King and Gerads made this work, it fit the structure, it moved the story along and it was brilliantly illustrated. There was something about the work these two did together, even as a reader it felt as if you could feel their chemistry oozing out of every page.
The two creators of the Vertigo series kept raising the bar in structure playfulness in issue No. 3.
It starts 16-box panel with Christopher -- the American tracking down the people who took out one of his trainees and the trainee's family -- asking 16 different questions to Iraqi police officers in training.
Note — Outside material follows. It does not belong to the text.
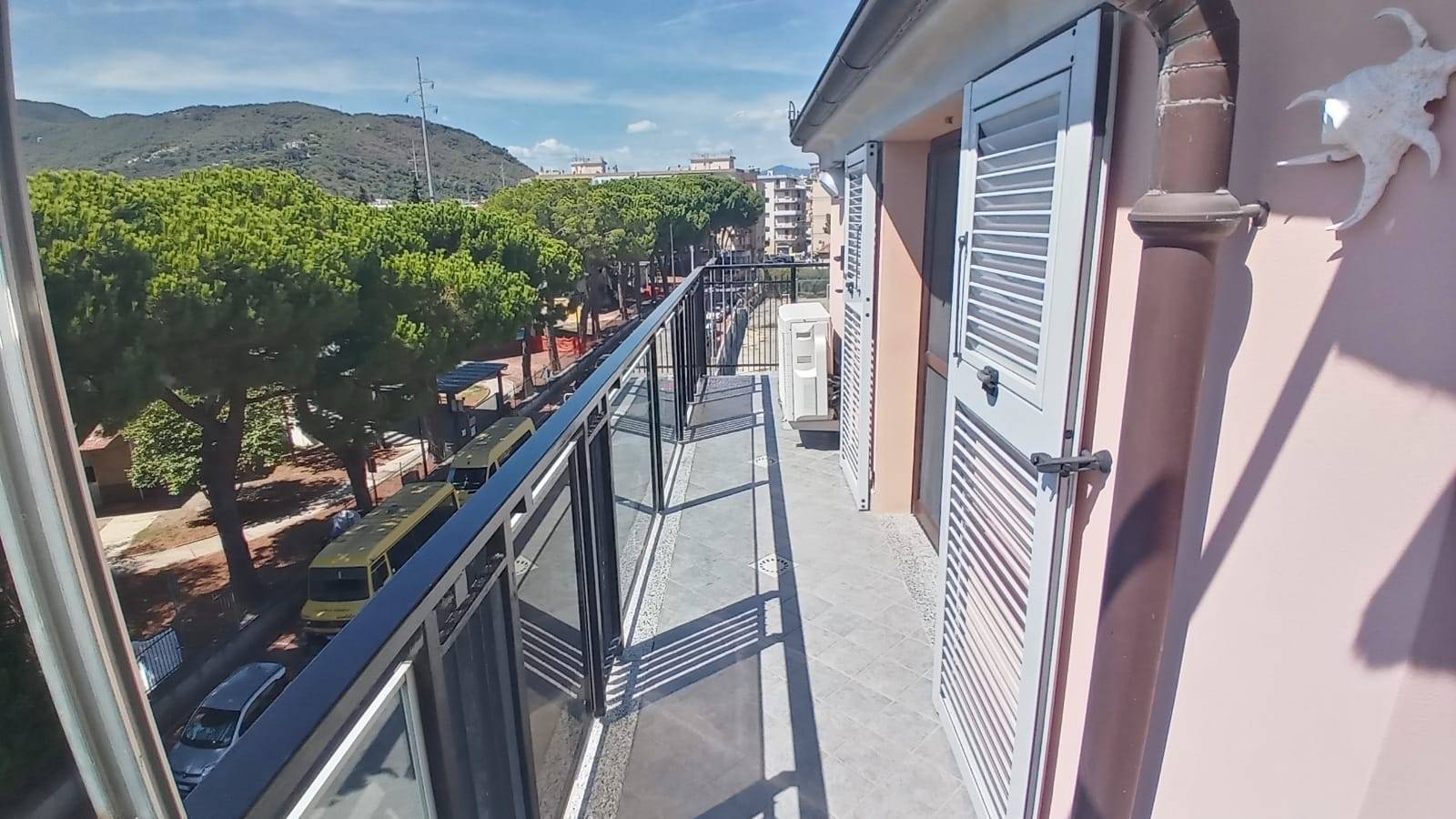 Appartamento in affitto a Albenga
While the questions are different, the answers are the same:
With the above page, King and Gerads were able to not only create a fun sequence but showed the uphill battle of blockades and frustration that our character Chris faced, and the ones faced during the War in Iraq.
Another issue that sticks out in my head, is No. 5. This issue of Sheriff was literally just Chris and Nassir's wife drinking a bottle of vodka in a bombed-out building. It remains, in my mind, one of the series' strongest to date as a magnificent dive into character-centric storytelling.
When I say storytelling, I'm not just talking King, but also Gerads who was able to bring this one-setting issue come together with emphatic bottle clanks, dark tones, Chris' ever-evolving facial expressions and the odd yet beautiful bond between these two very different people.
It was/is f*cking beautiful.
While issue No. 8 featured some of my favorite of Gerads' work from the series, you'll see why soon, it also marked somewhat of a personal celebration for myself and the Court of Nerds. We had been strumming this book's strings for the better part of the year on this little website, and it turns out that people caught on.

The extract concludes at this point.